We discovered that the transcription factors SP1 and SP3 were binding to the IVS1+1505G element, whereas binding to the mutant allele was strongly diminished. Direct binding of PPARγ and RXRα to the IVS1+1505G element could be ruled out. Knockdown as well as chemical inhibition (mithramycin) of SP1 and SP3 in brown adipocytes impaired PPARγ agonist mediated transactivation of UCP3. Deletion of the region containing the putative SP factor binding element flanking IVS1+1505G supported the hypothesis that it is essential for the action of PPARγ agonists on UCP3 transcription and contains activator binding sites.

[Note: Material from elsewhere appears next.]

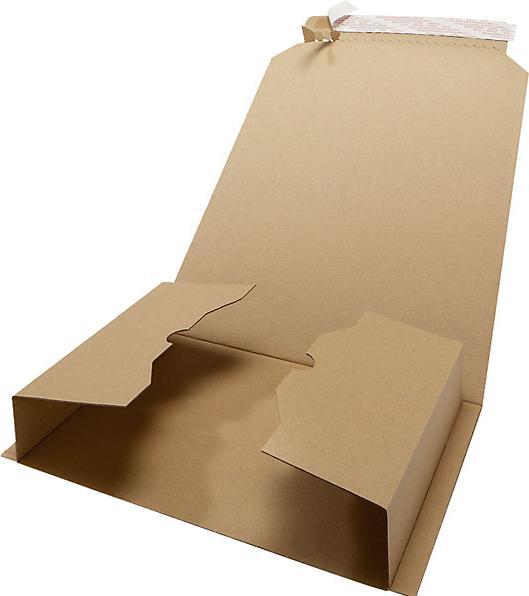 Actual product image eurokraft basic Book packaging, brown, pack of 5, LxW 270 x 185 mm, 10+ packs. (B5, 5 x)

This interaction was surprising because the DR1 element conveying PPAR activation had previously been annotated in the core promoter, roughly 1600 bp upstream of IVS1+1505G, and this element is mainly sensitive to PPARα and PPARδ agonists [21]. Notably, a ChIP-seq screen for PPARγ binding in murine 3T3-L1 adipocytes localized a novel intronic DR1 element 40 bp upstream of IVS1+1505G [29]. Sequence alignment of rat, mouse and hamster uncovered conservation of both elements.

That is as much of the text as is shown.